◆ **What the exercise asks**
All entries are to be copied exactly, with pictures removed.

[Dataset content — start]

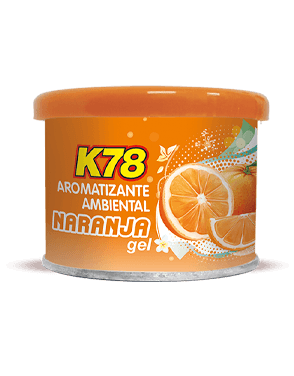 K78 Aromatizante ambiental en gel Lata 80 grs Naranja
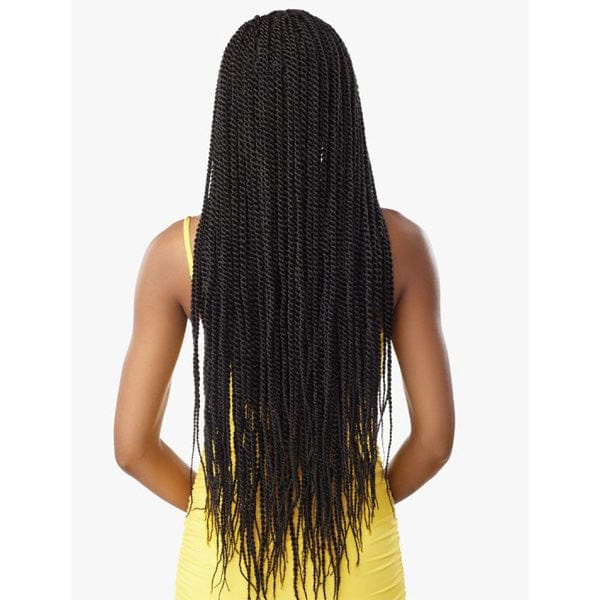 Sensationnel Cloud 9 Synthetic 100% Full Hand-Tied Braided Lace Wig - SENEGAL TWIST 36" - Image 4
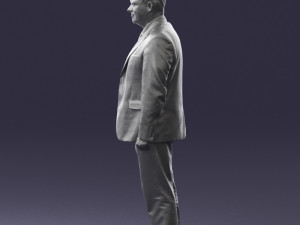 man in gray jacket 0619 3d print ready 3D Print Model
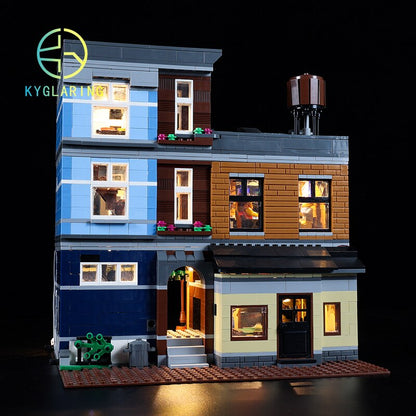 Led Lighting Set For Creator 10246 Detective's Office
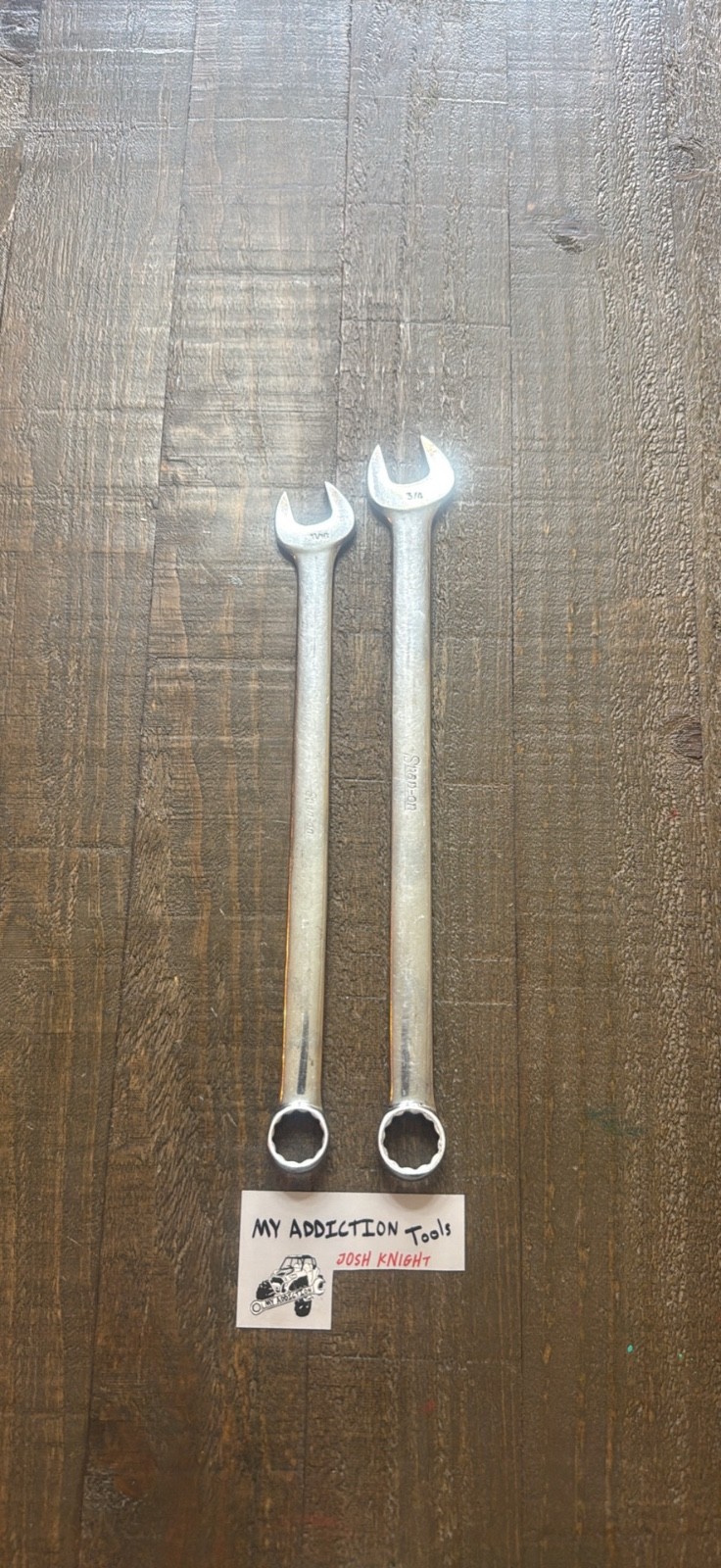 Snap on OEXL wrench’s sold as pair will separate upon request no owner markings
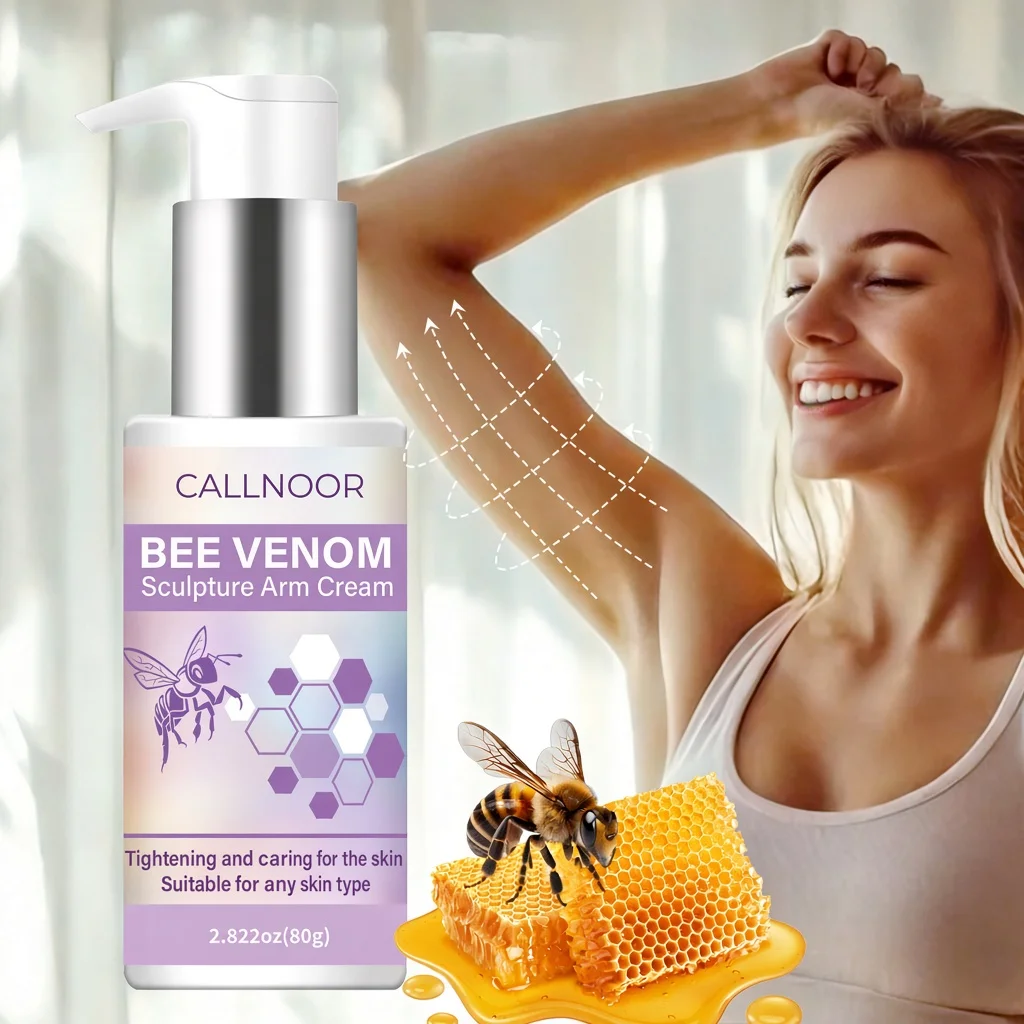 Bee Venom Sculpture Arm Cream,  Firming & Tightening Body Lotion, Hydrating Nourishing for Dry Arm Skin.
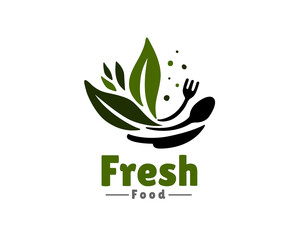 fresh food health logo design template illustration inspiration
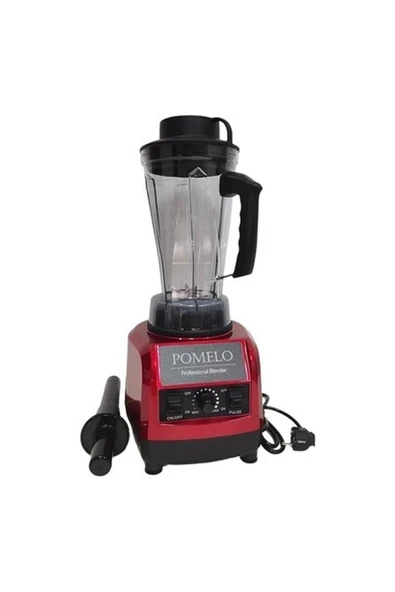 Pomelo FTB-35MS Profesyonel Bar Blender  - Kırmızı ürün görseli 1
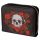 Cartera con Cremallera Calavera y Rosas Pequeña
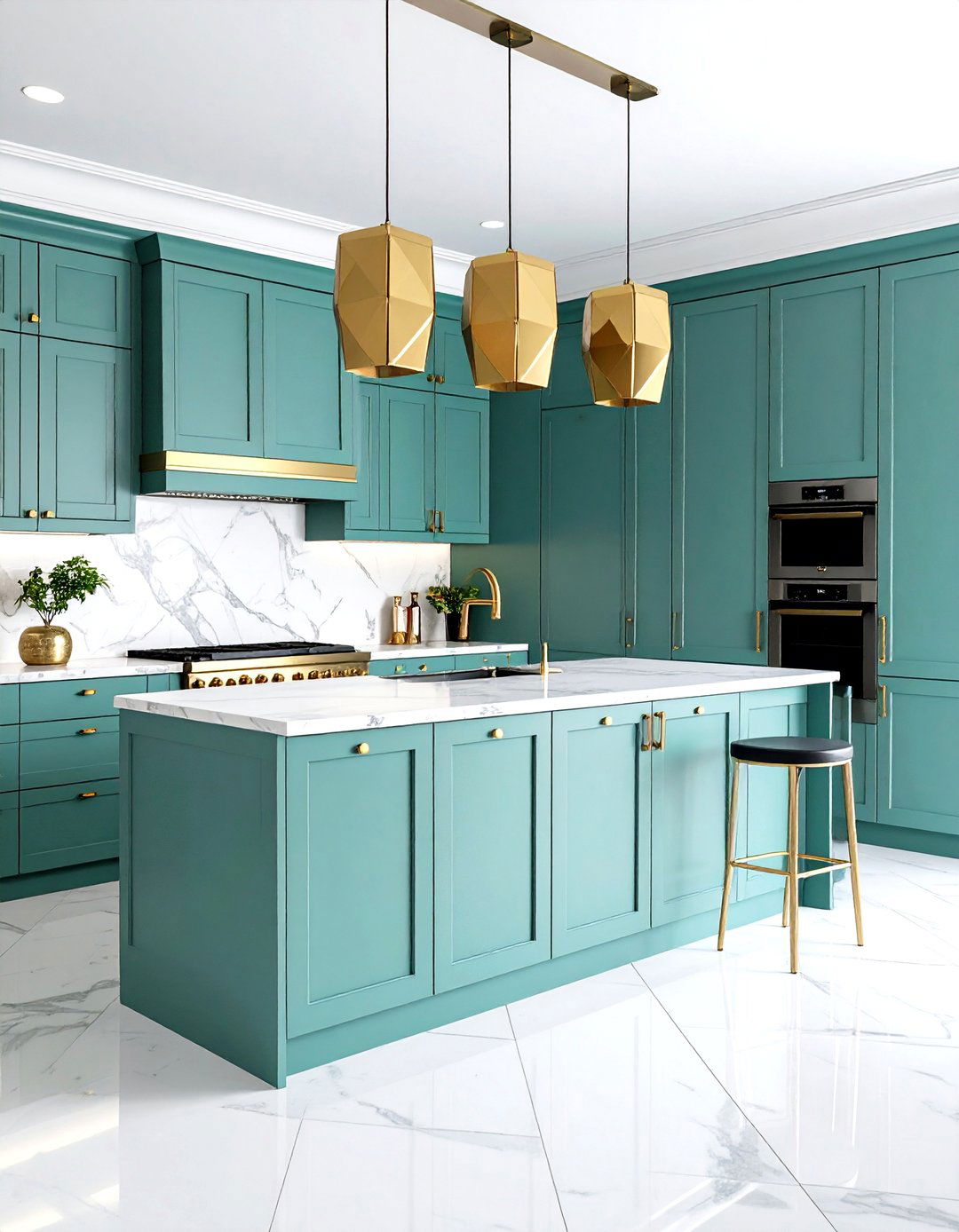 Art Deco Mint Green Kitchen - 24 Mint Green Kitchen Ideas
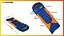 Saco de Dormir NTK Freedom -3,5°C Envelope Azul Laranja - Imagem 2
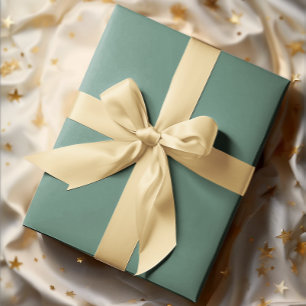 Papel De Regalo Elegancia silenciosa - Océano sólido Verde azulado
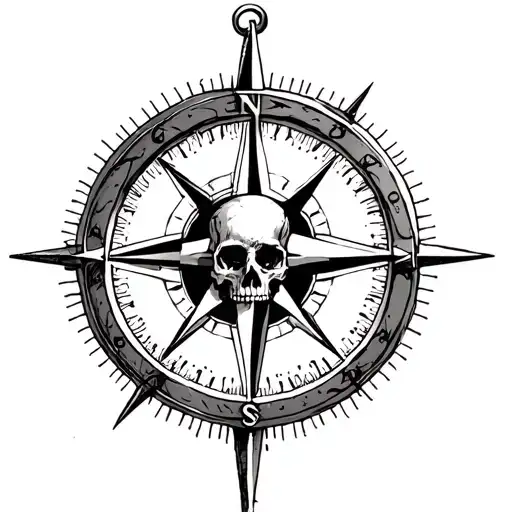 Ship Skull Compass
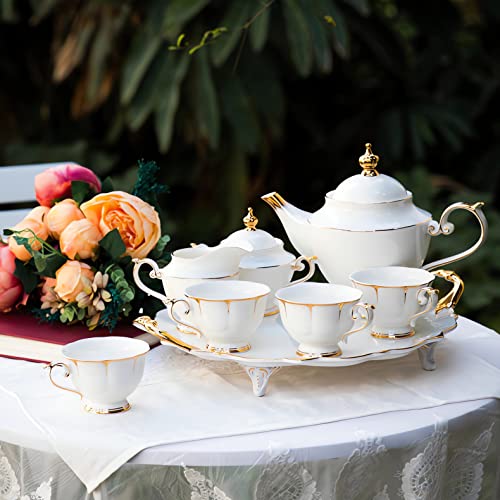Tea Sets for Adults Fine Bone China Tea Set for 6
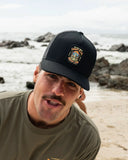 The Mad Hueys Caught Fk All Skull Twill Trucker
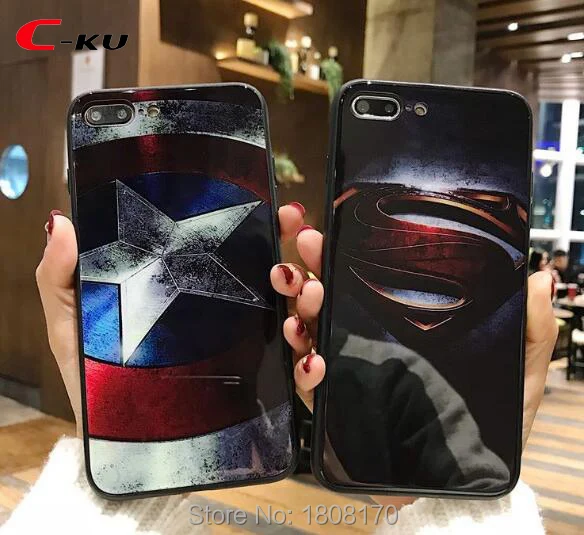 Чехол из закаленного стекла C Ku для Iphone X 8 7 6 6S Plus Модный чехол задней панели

[Dataset content — finish]

◆ **Answer space**
 K78 Aromatizante ambiental en gel Lata 80 grs Naranja
 Sensationnel Cloud 9 Synthetic 100% Full Hand-Tied Braided Lace Wig - SENEGAL TWIST 36" - Image 4
 man in gray jacket 0619 3d print ready 3D Print Model
 Led Lighting Set For Creator 10246 Detective's Office
 Snap on OEXL wrench’s sold as pair will separate upon request no owner markings
 Bee Venom Sculpture Arm Cream,  Firming & Tightening Body Lotion, Hydrating Nourishing for Dry Arm Skin.
 fresh food health logo design template illustration inspiration
 Pomelo FTB-35MS Profesyonel Bar Blender  - Kırmızı ürün görseli 1
 Cartera con Cremallera Calavera y Rosas Pequeña
 Art Deco Mint Green Kitchen - 24 Mint Green Kitchen Ideas
 Saco de Dormir NTK Freedom -3,5°C Envelope Azul Laranja - Imagem 2
 Papel De Regalo Elegancia silenciosa - Océano sólido Verde azulado
 Ship Skull Compass
Tea Sets for Adults Fine Bone China Tea Set for 6
 The Mad Hueys Caught Fk All Skull Twill Trucker
 Чехол из закаленного стекла C Ku для Iphone X 8 7 6 6S Plus Модный чехол задней панели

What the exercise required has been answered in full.